We have always advocated larger memory capacities over higher memory bandwidth to improve a PC's real-world performance. The effect of high memory bandwidth have always been overhyped by memory vendors, because it makes good business sense. This is the situation we now see with the introduction of the new Intel Core i7 processor. The Core i7 processor supports up to three DDR3 memory channels. Using DDR3-1333 memory, triple-channels would give you a memory bandwidth of 64 GB/s. That is a tremendous amount of memory bandwidth. But do we really, really need that kind of bandwidth? That is what we will be looking at today. Link : The Intel Core i7 Memory Bandwidth
What about the opposite? Very good article. I read somewhere else (cant remember where) that although you may have sufficient bandwidth, you can under-voltage the RAM and other tweaks to get very low latency 5-5-5 or lower? Could you get a stable system doing that? Would there be a read advantage in doing so? Thanks Nikos
Reduce voltage to reduce latency? I don't think that's possible... Maybe if you reduce the clock speed.
benchmark applicability The author indicates the following This would be indicative of an application which is CPU bound. As a consequence, memory bandwidth once it has satisfied the CPU requirement becomes irrelevant to execution time.
Indeed. That's why memory bandwidth is kinda "irrelevant" for the Core i7. There's so much memory bandwidth, you do not have to bother overclocking the RAM or even use high-speed DDR3 memory.
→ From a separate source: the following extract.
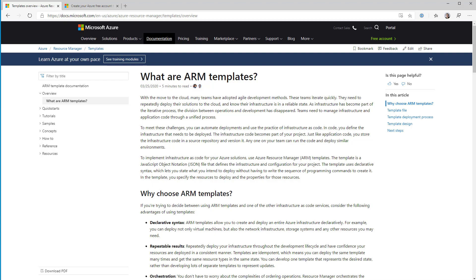First things first, what are ARM templates? Azure Resource Manager is the underlying fabric that controls how deployments of resources in Azure work. If you've been using Azure for a long time, you will remember when it first came out we had this thing called Azure Service Manager, which was how the old VMs and cloud services got deployed. That got deprecated a long time ago and was replaced by Azure Resource Manager, which is the new way to manage your deployments and look after your infrastructure running in Azure.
Maybe this will change when Gulftown is launched. It's 6 cores will have higher memory bandwidth requirements to keep them fed. QPI seems more like a preparation for the multi-core era ahead. Still, I feel 3 channels on i7 weren't necessary. Lynnfield's 2 channels should deliver similar memory performance. But, again, you don't get a hexa-core on LGA1156, probably due to bandwidth limitation. Btw, this is my first post here.